#### Extracted records

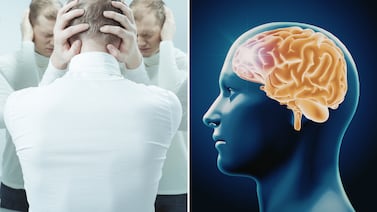 ¿Qué explica la psicopatía? Un estudio relaciona este trastorno con regiones más delgadas de la corteza cerebral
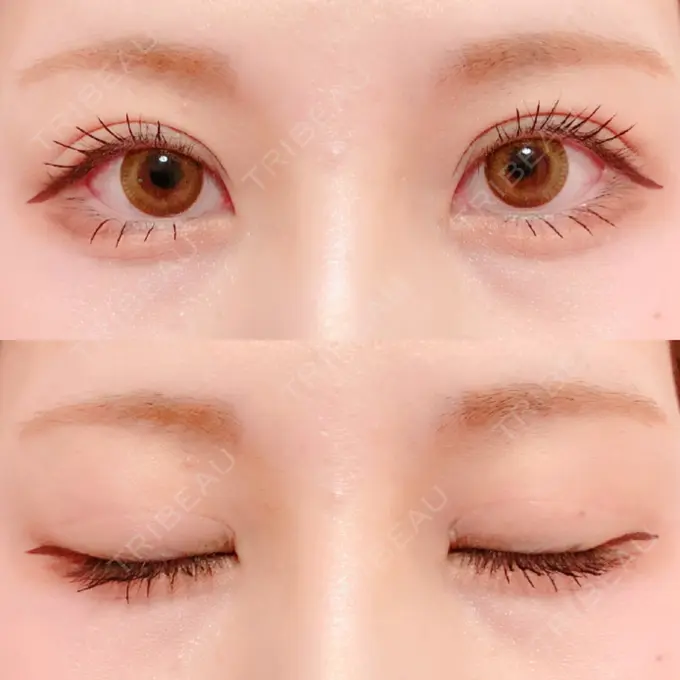 二重切開 / 上まぶたの脂肪取り / その他（目元） 銀座高須クリニック DAY 126 メイン用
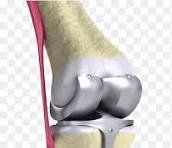 Joint Replacement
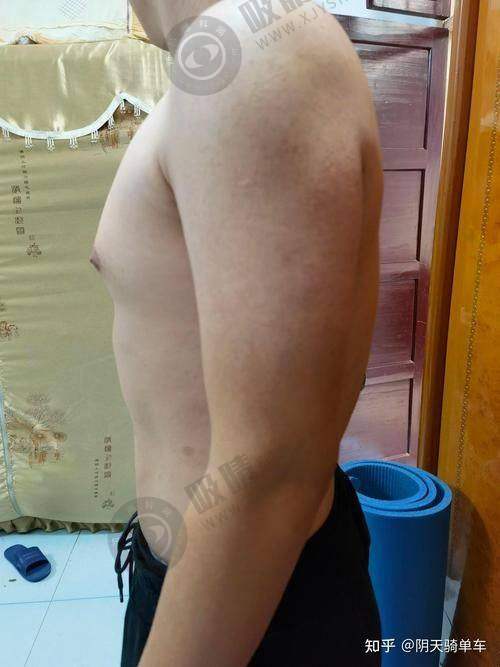 5. 杭州阿波罗医院价格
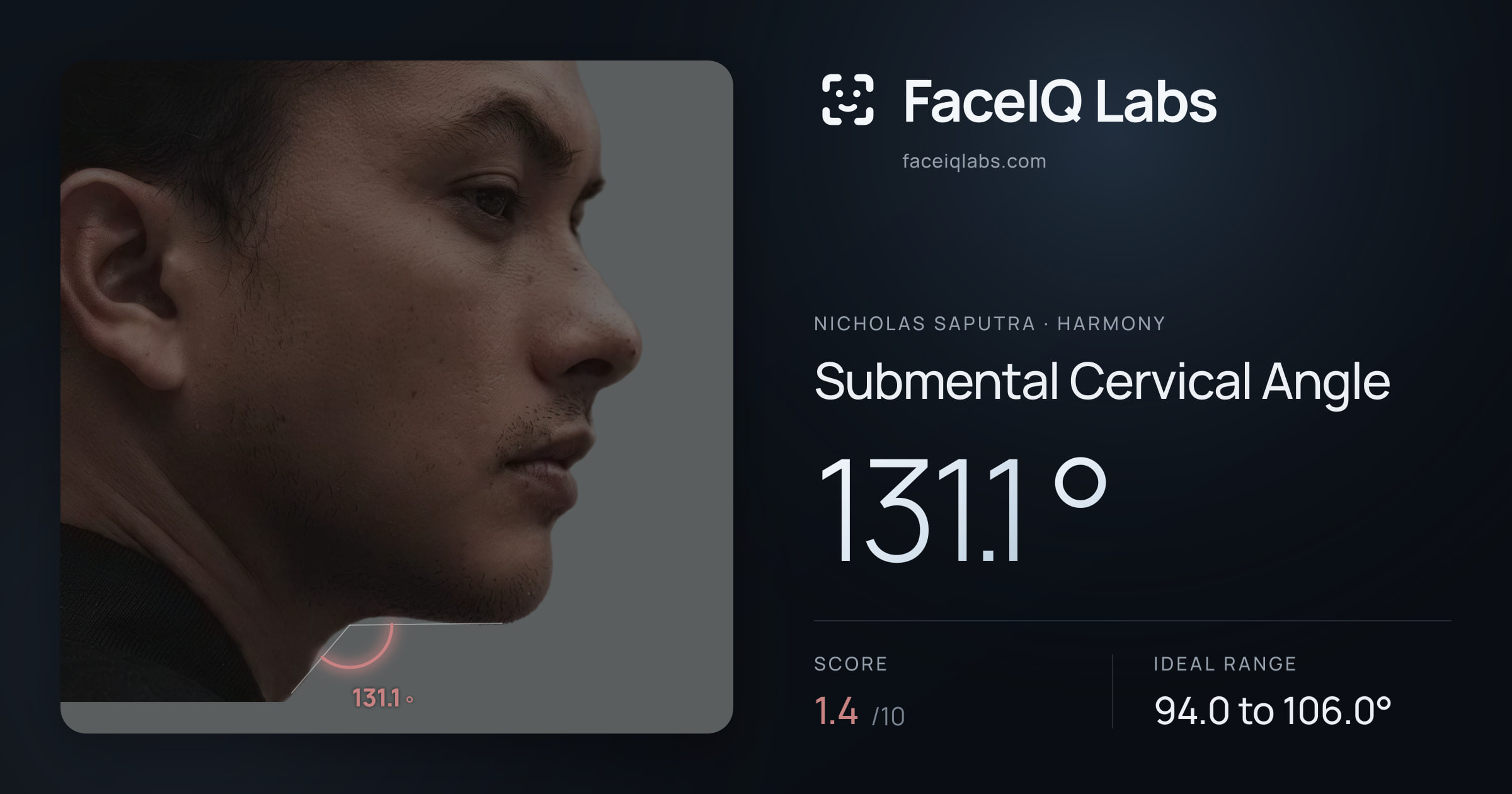 Nicholas Saputra Submental Cervical Angle: 131.1°, drawn on the photo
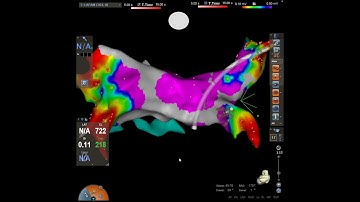High Fidelity Electroanatomic Mapping System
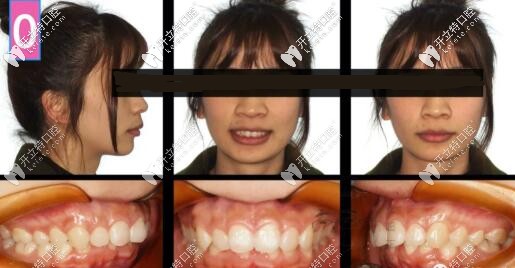 骨性二類凸嘴正畸內(nèi)收3-4mm側(cè)貌效果,金屬自鎖(拔牙+骨釘)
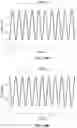 Fig. 30 - Systems and methods for performing electrophysiology (EP) signal processing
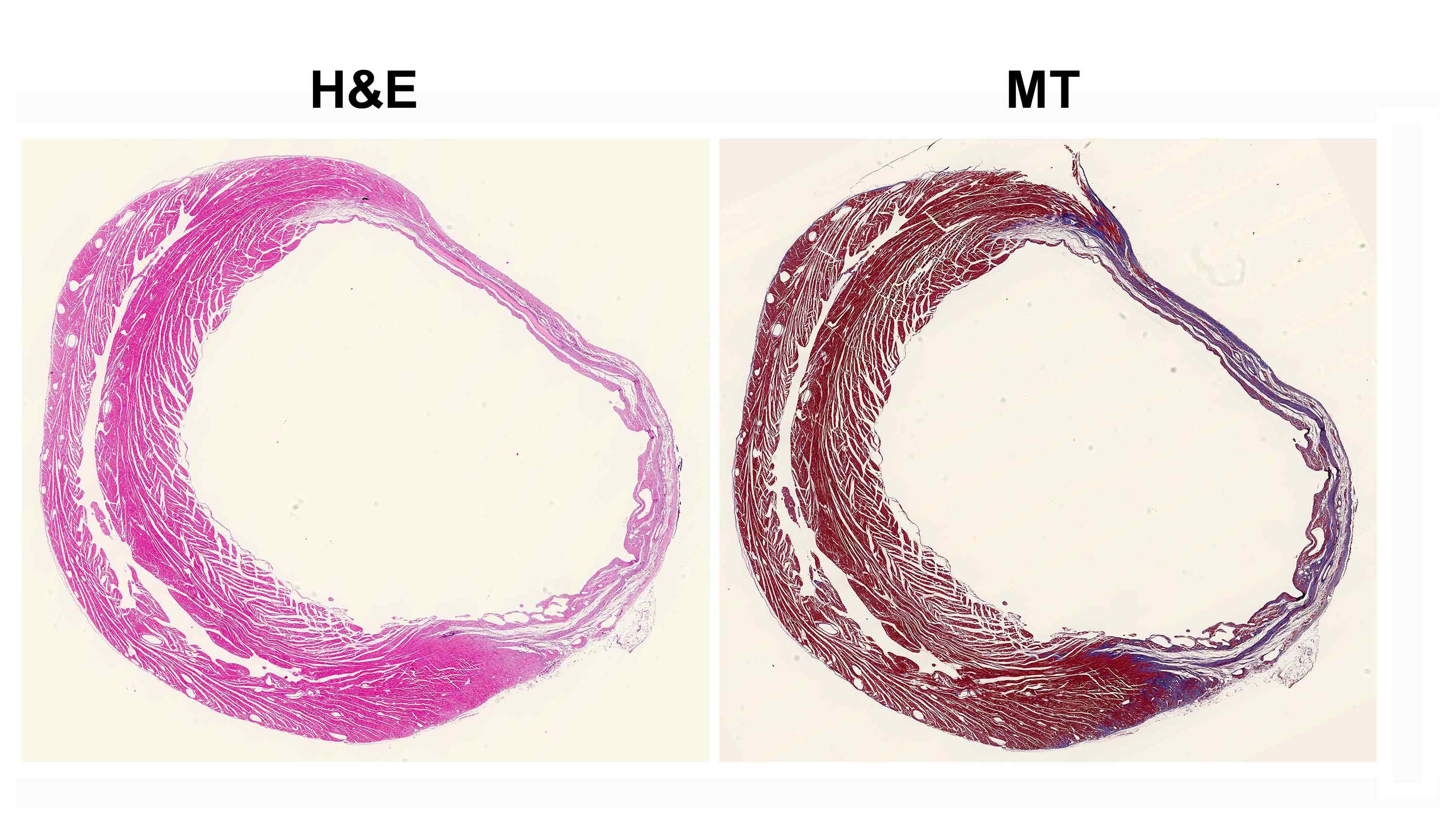 그림 13. 랫트의 심근경색 유도 후 심장 조직의 Hematoxylin and Eosin 염색과 Masson's trichrome 염색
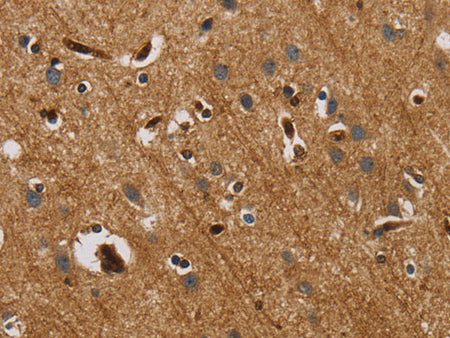IL18R1 Polyclonal Antibody Store at -20°C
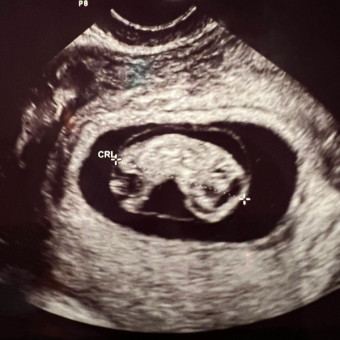 Cassie's Baby List Photo.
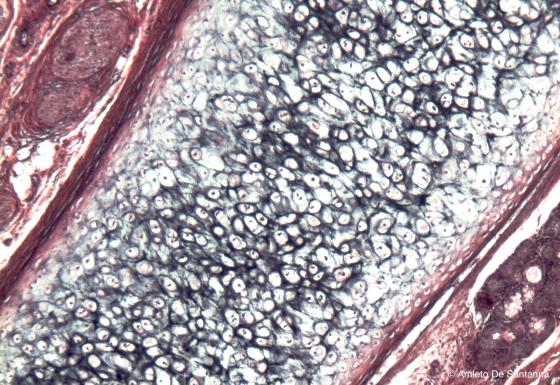 Figura C69. Epiglottide umana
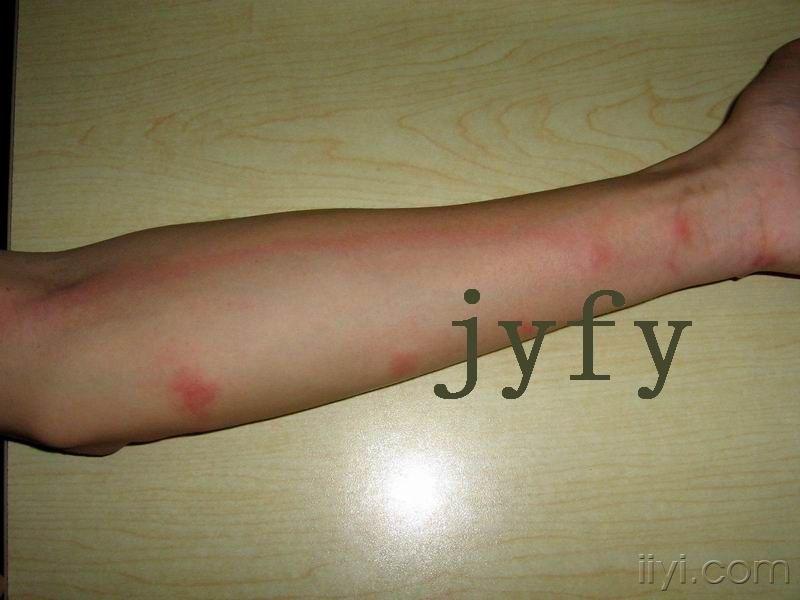 隐翅虫皮炎 - 皮肤及性传播疾病讨论版 - 爱爱医医学论坛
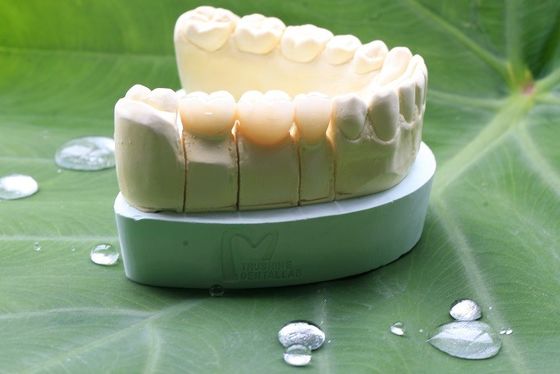 Couronne dentaire de grande de Biocompatibility pleine zircone de découpe pour le laboratoire dentaire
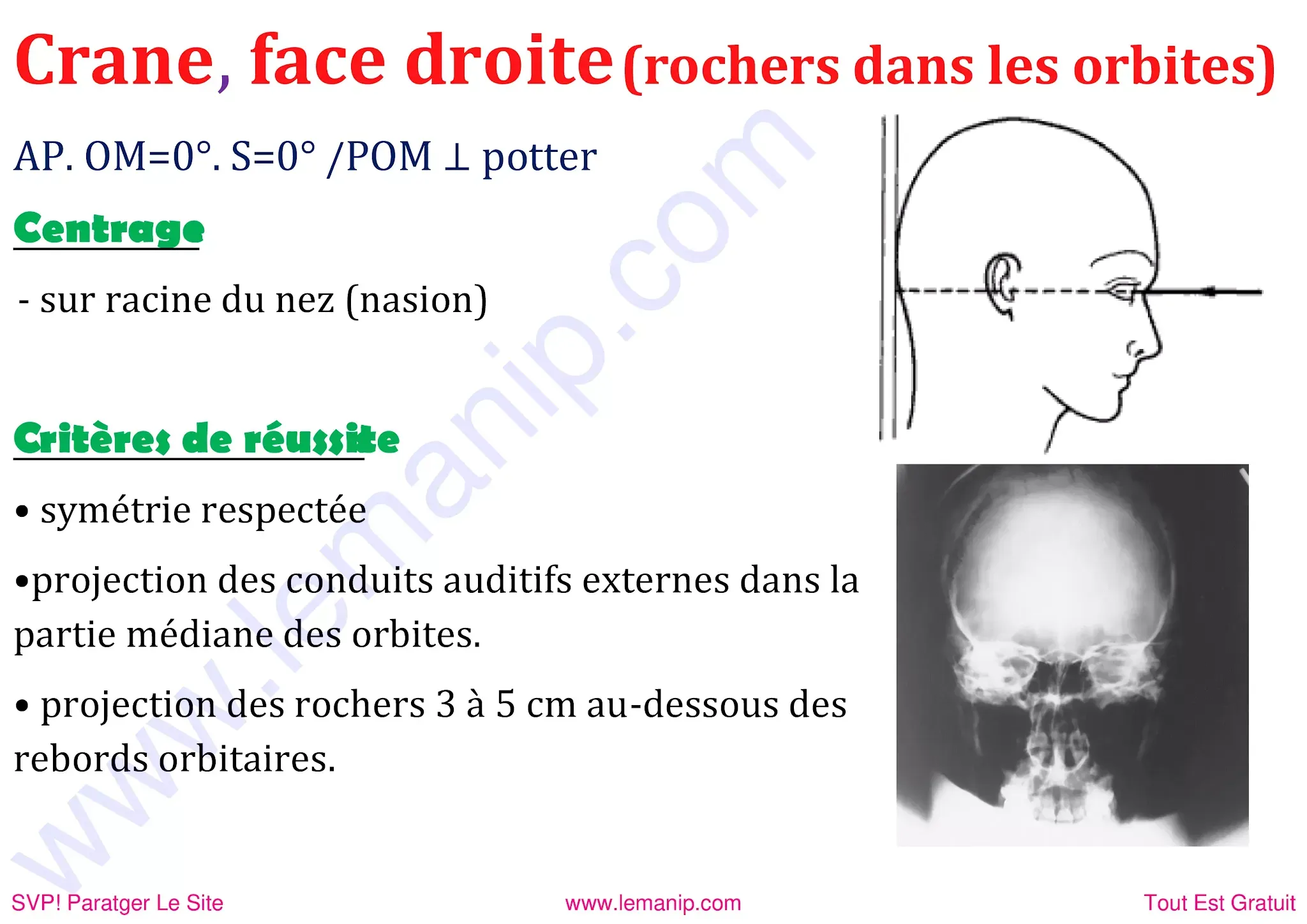 Crane face droite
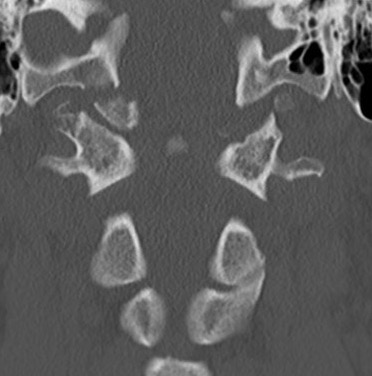 Occipitocondyle dis 2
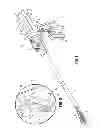 Fig. 02 - Grasping jaw mechanism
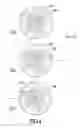 Fig. 04 - Accelerometer utilizing image-based movement tracking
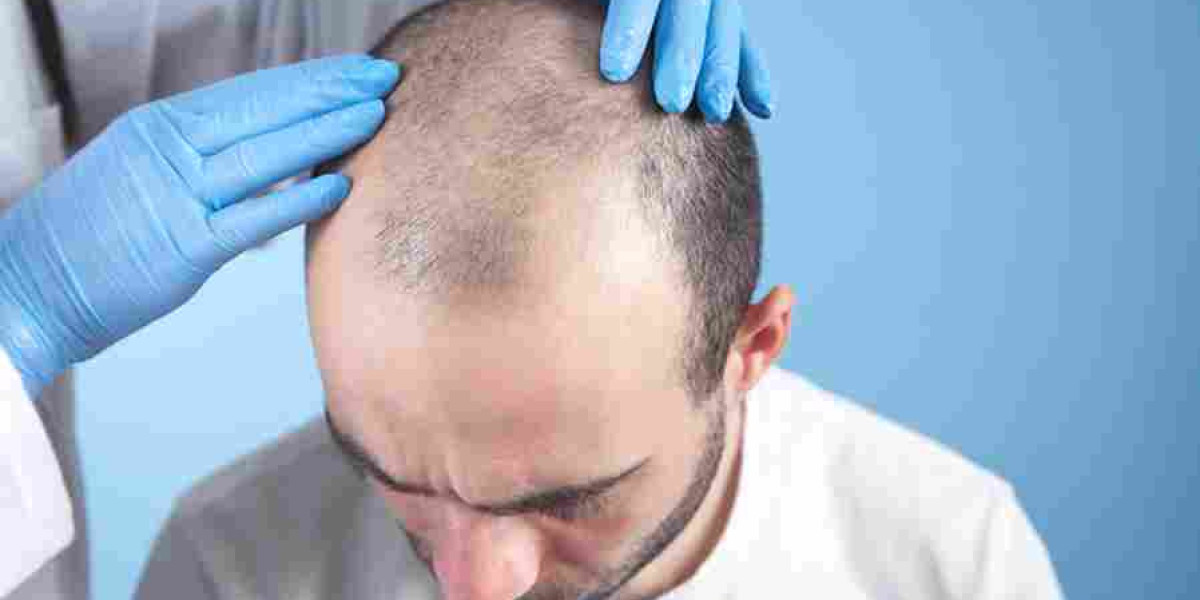 Top Hair Transplant in Dubai: Expert Solutions for Hair Loss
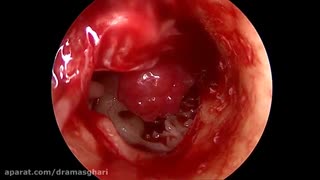 جراحی آندوسکوپیک گلوموس تیمپانیکوم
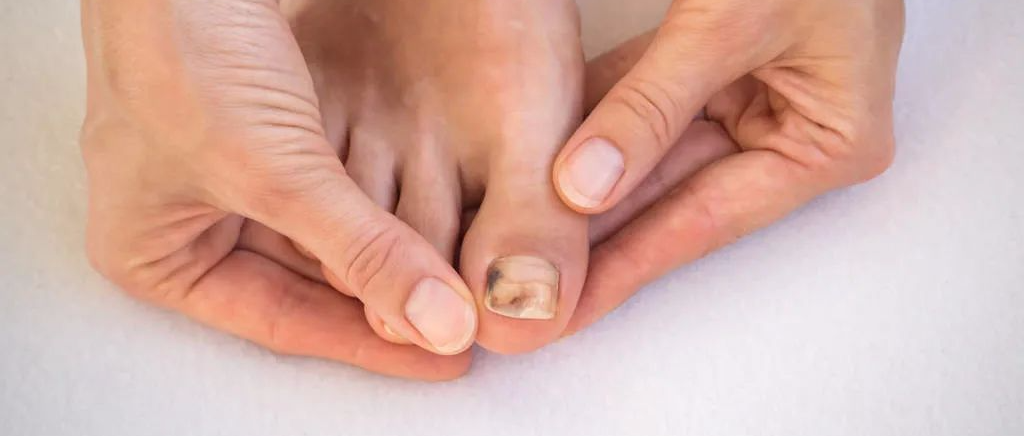 如若脚趾发生两种异常，最好去医院排查，以防癌细胞“拜访”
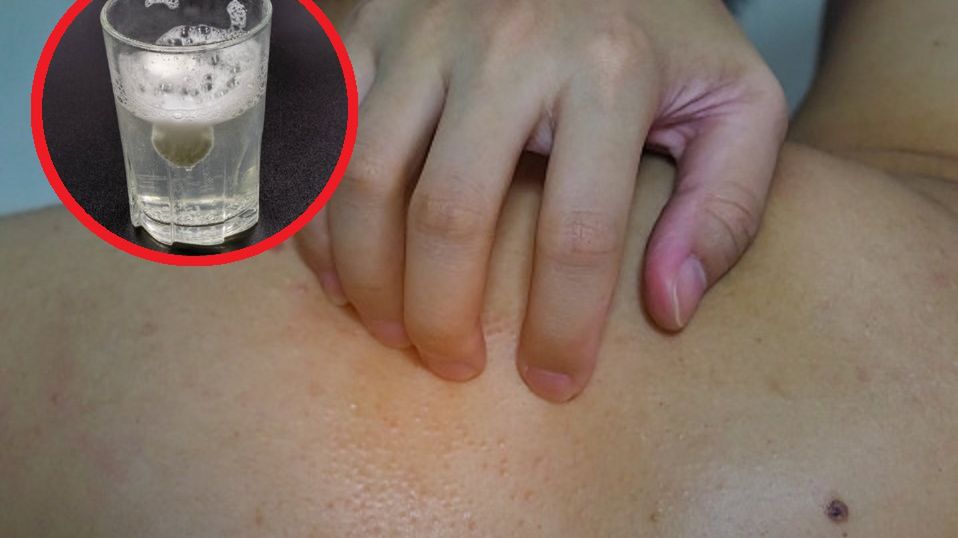 Stosujesz wapno na alergię? Według specjalistów to nie pomoże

########

» **Work required**: Looking at the records above, extract only the lines from the one with "Fig. 30 - Systems" through the last line, exactly, with the pictures left out.

» **Response**:
 Fig. 30 - Systems and methods for performing electrophysiology (EP) signal processing
 그림 13. 랫트의 심근경색 유도 후 심장 조직의 Hematoxylin and Eosin 염색과 Masson's trichrome 염색
IL18R1 Polyclonal Antibody Store at -20°C
 Cassie's Baby List Photo.
 Figura C69. Epiglottide umana
 隐翅虫皮炎 - 皮肤及性传播疾病讨论版 - 爱爱医医学论坛
 Couronne dentaire de grande de Biocompatibility pleine zircone de découpe pour le laboratoire dentaire
 Crane face droite
 Occipitocondyle dis 2
 Fig. 02 - Grasping jaw mechanism
 Fig. 04 - Accelerometer utilizing image-based movement tracking
 Top Hair Transplant in Dubai: Expert Solutions for Hair Loss
 جراحی آندوسکوپیک گلوموس تیمپانیکوم
 如若脚趾发生两种异常，最好去医院排查，以防癌细胞“拜访”
 Stosujesz wapno na alergię? Według specjalistów to nie pomoże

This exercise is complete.